Fakhurradzie M. Gade, Banda Aceh – Thousands of protesters accused Indonesia's government Tuesday of failing to deliver on promises made when separatist rebels signed an agreement a year ago to end decades of fighting in Aceh province.
The demonstration in front of the provincial capital's 18th century mosque was one of the largest in Aceh in recent years, highlighting lingering challenges despite the success so far of the Aug. 15, 2005 peace deal.
The separatists and Indonesian troops agreed to stop fighting months after the 2004 Asian tsunami that killed 131,000 people in Aceh. Both sides said they did not want to add to suffering or hinder the reconstruction process.
More than 10,000 protesters on Tuesday called on the government to change a recently passed law that cements the terms of the accord, saying it watered down the level of autonomy promised to the oil- and gas-rich province.
"If the government does not respond to our demands, don't blame the people of Aceh if they once again demand their freedom," Mohammed Nazar, an activist twice imprisoned for organizing rallies in favor of an independence referendum, told the crowd.
The demonstration was called by a loose coalition of local rights groups, some of whom have links to former members of the Free Aceh Movement, which waged a 29-year war against the government that left 15,000 people dead.
The peace deal, signed in Finland, saw rebels hand in their weapons and drop their independence demand, accepting greater self-rule for the region and the withdrawal of most Indonesian troops.
Later Tuesday, ex-rebels and government officials were to join former Finish President Martti Ahtisaari, who brokered the deal, at a ceremony in a district of the provincial capital hit hard by the tsunami.
The former rebels and activists have raised several complaints about the recently passed law. The most serious is a clause that enables Jakarta to make important decisions relating to Aceh after "consulting" the province, rather than with the province's "consent," as agreed to in Helsinki.

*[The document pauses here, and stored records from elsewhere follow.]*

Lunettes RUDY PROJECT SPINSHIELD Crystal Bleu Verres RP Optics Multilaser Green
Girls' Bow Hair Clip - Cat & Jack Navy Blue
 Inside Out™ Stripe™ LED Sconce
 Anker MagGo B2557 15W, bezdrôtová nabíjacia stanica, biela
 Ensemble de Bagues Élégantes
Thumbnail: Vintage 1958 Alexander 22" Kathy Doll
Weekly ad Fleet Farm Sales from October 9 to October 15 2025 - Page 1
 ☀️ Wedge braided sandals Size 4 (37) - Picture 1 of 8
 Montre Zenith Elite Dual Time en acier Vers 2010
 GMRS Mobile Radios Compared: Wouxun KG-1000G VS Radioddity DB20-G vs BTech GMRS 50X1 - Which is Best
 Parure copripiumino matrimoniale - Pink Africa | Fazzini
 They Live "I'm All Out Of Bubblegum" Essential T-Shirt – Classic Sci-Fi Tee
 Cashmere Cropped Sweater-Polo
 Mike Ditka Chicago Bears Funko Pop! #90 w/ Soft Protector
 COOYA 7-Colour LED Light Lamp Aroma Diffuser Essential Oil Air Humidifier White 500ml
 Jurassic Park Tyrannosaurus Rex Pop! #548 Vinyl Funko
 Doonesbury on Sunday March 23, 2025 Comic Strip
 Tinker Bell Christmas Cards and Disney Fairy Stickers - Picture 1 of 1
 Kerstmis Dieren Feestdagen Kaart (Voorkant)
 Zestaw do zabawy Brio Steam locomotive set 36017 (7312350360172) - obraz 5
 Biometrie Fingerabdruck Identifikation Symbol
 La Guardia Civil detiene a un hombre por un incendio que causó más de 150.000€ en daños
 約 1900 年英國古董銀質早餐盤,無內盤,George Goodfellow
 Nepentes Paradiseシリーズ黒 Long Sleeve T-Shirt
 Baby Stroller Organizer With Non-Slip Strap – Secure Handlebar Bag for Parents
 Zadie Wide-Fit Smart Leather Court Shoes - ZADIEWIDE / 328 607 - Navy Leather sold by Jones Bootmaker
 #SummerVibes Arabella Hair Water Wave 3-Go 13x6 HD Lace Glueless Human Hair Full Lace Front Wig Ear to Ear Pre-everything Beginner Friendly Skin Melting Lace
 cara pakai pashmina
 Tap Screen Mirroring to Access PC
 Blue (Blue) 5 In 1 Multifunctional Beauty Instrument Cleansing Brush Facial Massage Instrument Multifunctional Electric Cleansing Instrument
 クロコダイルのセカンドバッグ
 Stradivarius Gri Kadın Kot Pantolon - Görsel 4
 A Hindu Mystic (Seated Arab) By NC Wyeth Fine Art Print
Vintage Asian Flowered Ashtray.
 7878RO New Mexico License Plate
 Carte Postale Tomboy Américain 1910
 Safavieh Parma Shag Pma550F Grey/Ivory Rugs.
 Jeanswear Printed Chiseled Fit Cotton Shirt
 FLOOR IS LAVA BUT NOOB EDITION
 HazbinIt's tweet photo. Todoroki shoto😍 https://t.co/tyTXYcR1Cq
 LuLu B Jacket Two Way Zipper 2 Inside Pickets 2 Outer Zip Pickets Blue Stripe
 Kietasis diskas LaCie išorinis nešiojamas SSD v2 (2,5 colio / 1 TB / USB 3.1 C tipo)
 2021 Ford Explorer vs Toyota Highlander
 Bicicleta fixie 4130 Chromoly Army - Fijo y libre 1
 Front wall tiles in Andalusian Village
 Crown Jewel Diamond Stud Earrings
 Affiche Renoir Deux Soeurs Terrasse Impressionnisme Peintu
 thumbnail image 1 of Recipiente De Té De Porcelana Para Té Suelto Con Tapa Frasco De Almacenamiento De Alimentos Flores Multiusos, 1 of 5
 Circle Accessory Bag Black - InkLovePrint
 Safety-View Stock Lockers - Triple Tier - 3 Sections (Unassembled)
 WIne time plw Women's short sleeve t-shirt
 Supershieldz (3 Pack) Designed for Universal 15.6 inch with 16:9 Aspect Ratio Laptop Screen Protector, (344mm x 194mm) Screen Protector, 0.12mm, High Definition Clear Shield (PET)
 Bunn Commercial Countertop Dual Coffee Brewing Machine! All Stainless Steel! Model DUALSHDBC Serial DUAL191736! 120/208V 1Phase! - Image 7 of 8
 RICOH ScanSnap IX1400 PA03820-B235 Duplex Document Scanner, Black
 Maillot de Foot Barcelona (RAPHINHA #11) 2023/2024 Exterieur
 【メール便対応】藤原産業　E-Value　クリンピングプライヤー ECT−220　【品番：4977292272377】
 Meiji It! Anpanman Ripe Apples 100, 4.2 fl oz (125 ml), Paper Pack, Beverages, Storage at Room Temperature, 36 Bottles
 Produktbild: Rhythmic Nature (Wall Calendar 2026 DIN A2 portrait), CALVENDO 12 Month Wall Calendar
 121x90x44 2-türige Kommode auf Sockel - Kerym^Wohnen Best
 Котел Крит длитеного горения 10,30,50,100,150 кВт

The ex-guerillas have said they have no intention of taking up arms again, but at least two have said they worry that if the complaints are not addressed, new rebel movements could rise up within the next decade.
The government has said that the law can be amended in one or two years. It says that the version of the clause agreed to in Finland would have given Aceh's legislature more power than that of the national parliament, which would have violated the constitution.
Peter Feith, the head of the European Union-led peace monitoring mission, has said he considers the law "broadly in line" with the terms of the deal and also noted that it can be amended. "I am optimistic that the people of Aceh will enter 2007 with all the preconditions for a comprehensive, sustainable and long lasting peace," he said in a statement.